In other news I can no longer suck it in. As an American woman I learned to suck in my stomach at like twelve years old. My stomach is flat(tish) normally but I can make it perfect if necessary. Well, correction, I could do that, because those days are over. It stubbornly pooches out and is hard as a goddamn rock. It's not baby at this stage (though my book helpfully mentions that by next week the baby will be the size of a mouse, thank you people who do not realize how fucking terrified I am of mice and now one is MY BABY?) but gas and fluid and god knows what else. I caved an bought maternity clothes. Because when I lost weight a couple of summers ago I made the decision never to run around in gaping waists again and had everything tailored down. So I am down to one pair of pants that button and I doubt they will button by the end of my business trip in a couple of weeks.

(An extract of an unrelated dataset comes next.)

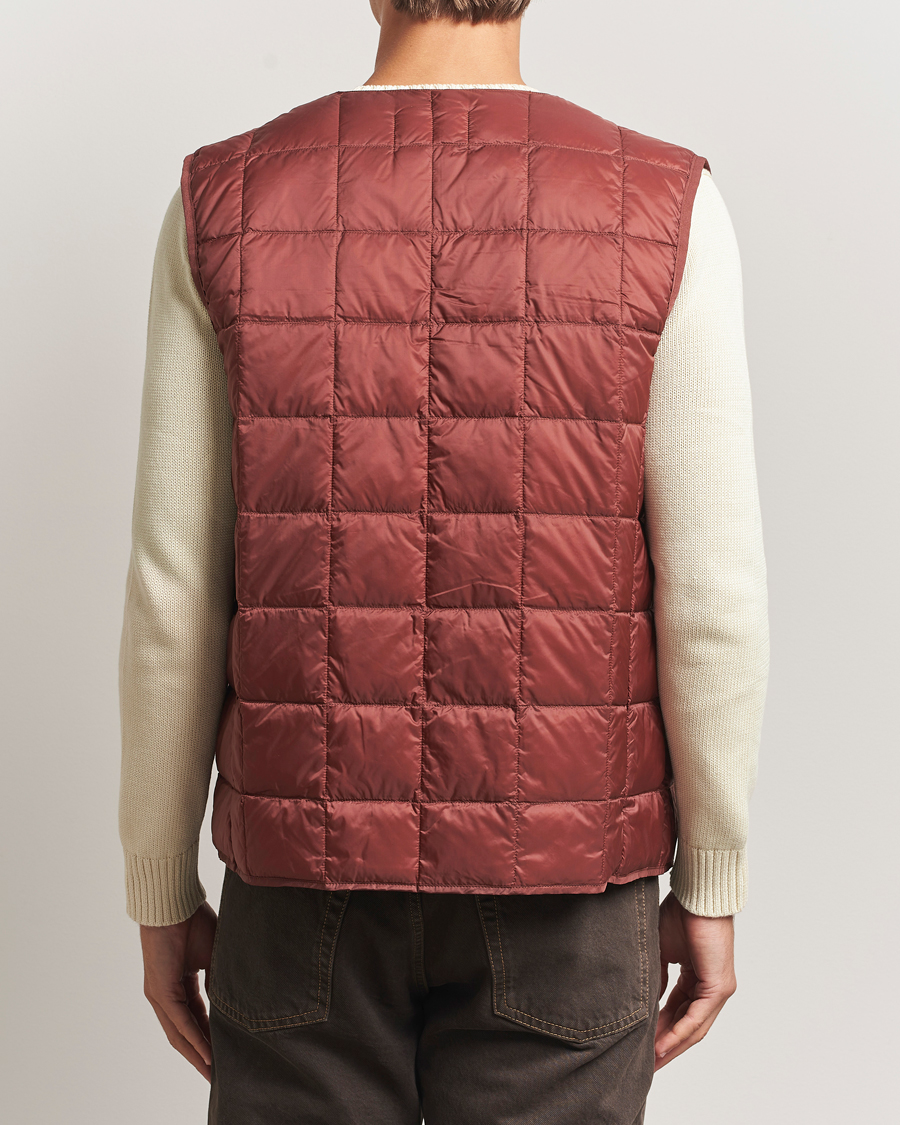 Mies | Takit | TAION | V-Neck Lightweight Down Vest Dark Red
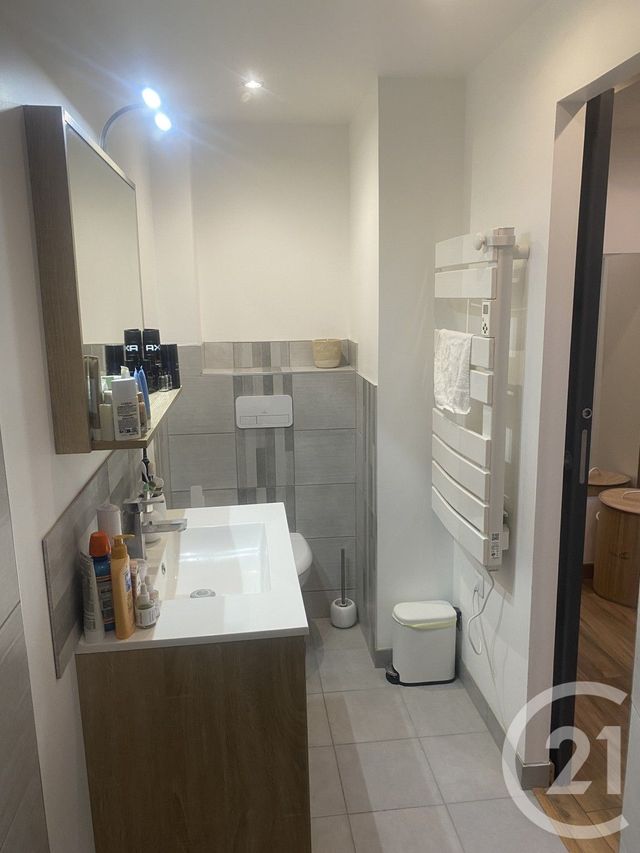 Maison &agrave; louer - 3 pi&egrave;ces - 87,14 m2 - Servian - 34 - LANGUEDOC-ROUSSILLON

Maternity clothes are a fucking racket. Because the ones I bought were cuter and nicer than most I have seen around (and not much more expensive because DAMN everything costs a million dollars) and they will work. But I would never pay that much for that quality for regular clothes. In my next life I am becoming a maternity designer.
I am slogging through it all, during the busiest time of the year work wise, getting ready for my trip and watching my stomach in HORROR.
But I am not puking daily anymore (this could stop tomorrow in which case we will be back to all woe all the time) and it is BLISS.